Why is it that critics complain about the lack of math in general among Austrians, but never name an actual mathematical proposition that Austrians should accept? Unfortunately, mainstream economics has taken it upon itself to completely conceal what’s being said, which leads to physicists and the like (that usually need to use math) to fling insults of “pseudoscience” at Austrians. The Austrian idea of economics, on the contrary, accepts intellectual humility. Do Austrians “reject” the use of math in economics? To be clear, the Austrian position is Austrians say economists can’t make quantitative predictions, on the grounds that there are no quantitative constants in human action. A consequence of this is that mathematical economic models are impossible. Because of that statement, half of the anti-Austrian crowd is running around looking for something mathy-looking that they can throw in our faces. “Isn’t this math? Looks like math to me. Isn’t logic basically the same as math? If I expand 1=1 creatively enough, it starts to look like math. $1.50 soda plus $1.00 candy bar= $2.50, math! Aha!”
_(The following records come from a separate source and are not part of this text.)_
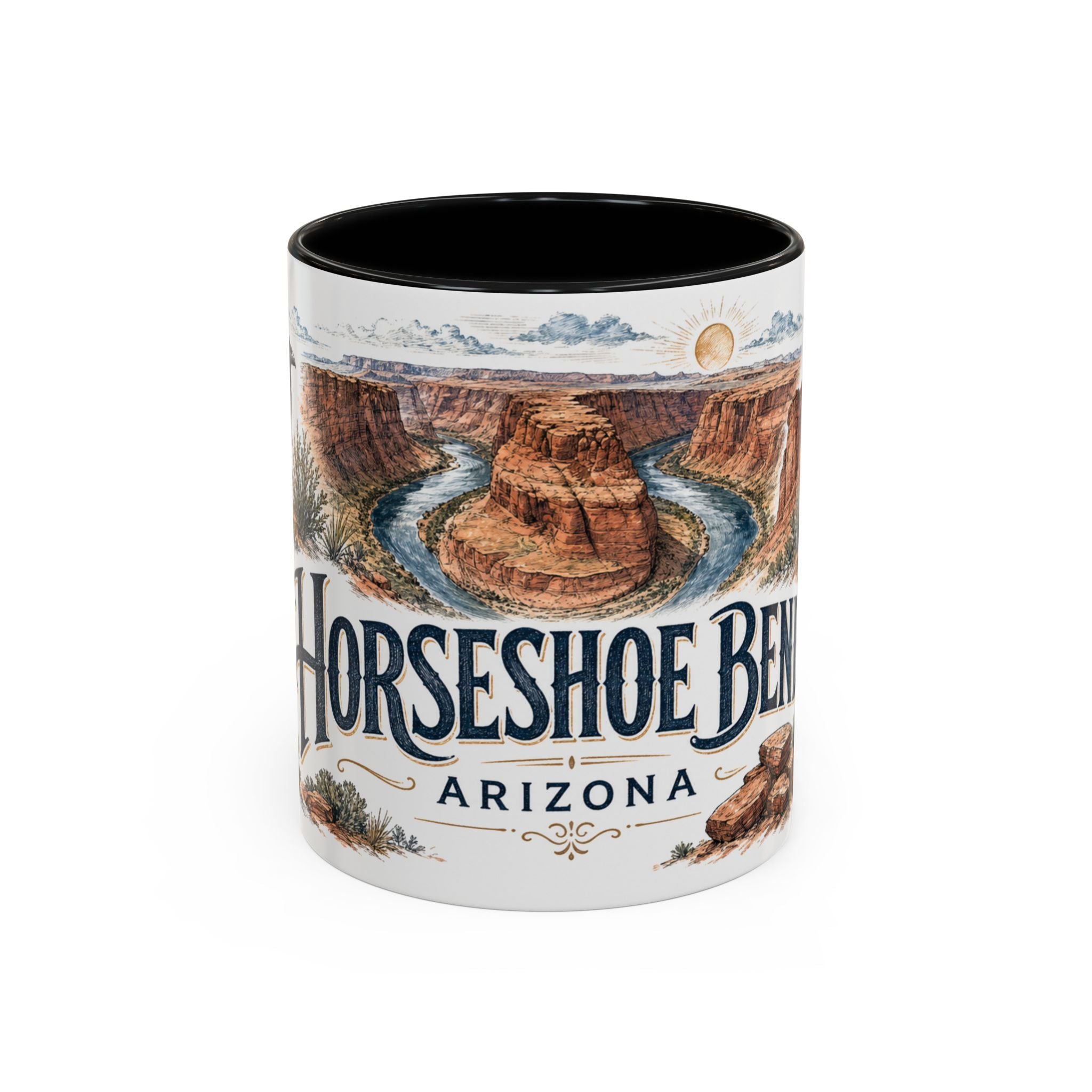 Horseshoe Bend Mug, Arizona Travel Souvenir, Bucket List Gift, Accent Ceramic Coffee Mug 11oz 15oz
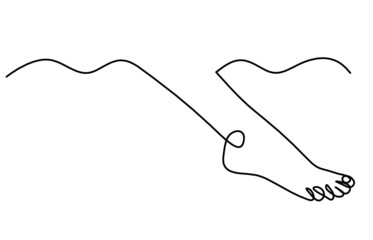 Obraz premium Silhouette of abstract foot as line drawing on white. Vector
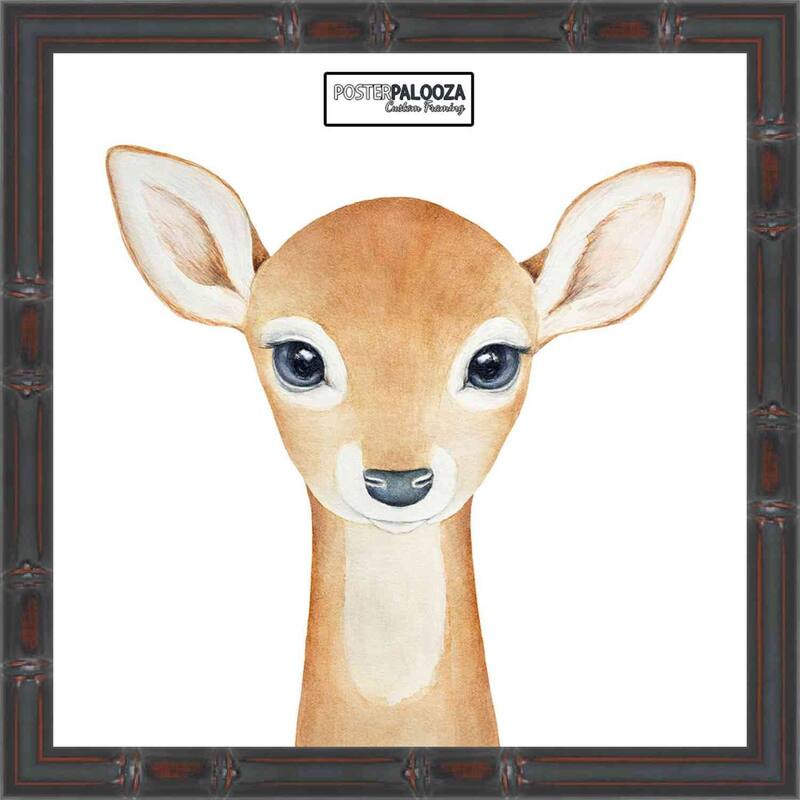 12x12 Brown Bamboo Picture Frame - UV Acrylic, Foam Board Backing, Hanging Hardware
Mathematics is indeed powerful, but there’s also a point where understanding is exceeded by obfuscation. This has nothing to do with a supposed “dogmatic” aversion to math.

 

Critics should not dismiss Austrians so quickly on this basis of “rejecting math.” First of all, most Austrian economists (if not even all) understand math and conventional economic theory for the simple reason that, being economists, they were force-fed this stuff during their training at university. For instance, Rothbard, who had a degree in math, states:

 

“Since knowledge in physics is never certain and absolute, positivists can never understand how economists can arrive at certain truths; therefore they accuse economists of being “a priori” and “dogmatic.” Similarly, cause in physics tends to be fragile, and positivists have tended to replace the concept of cause by one of “mutual determination.” Mathematical equations are uniquely suited to depicting a state of mutual determination of factors, rather than singly determined cause and effect relations. Hence, again, mathematics are singularly suitable for physics.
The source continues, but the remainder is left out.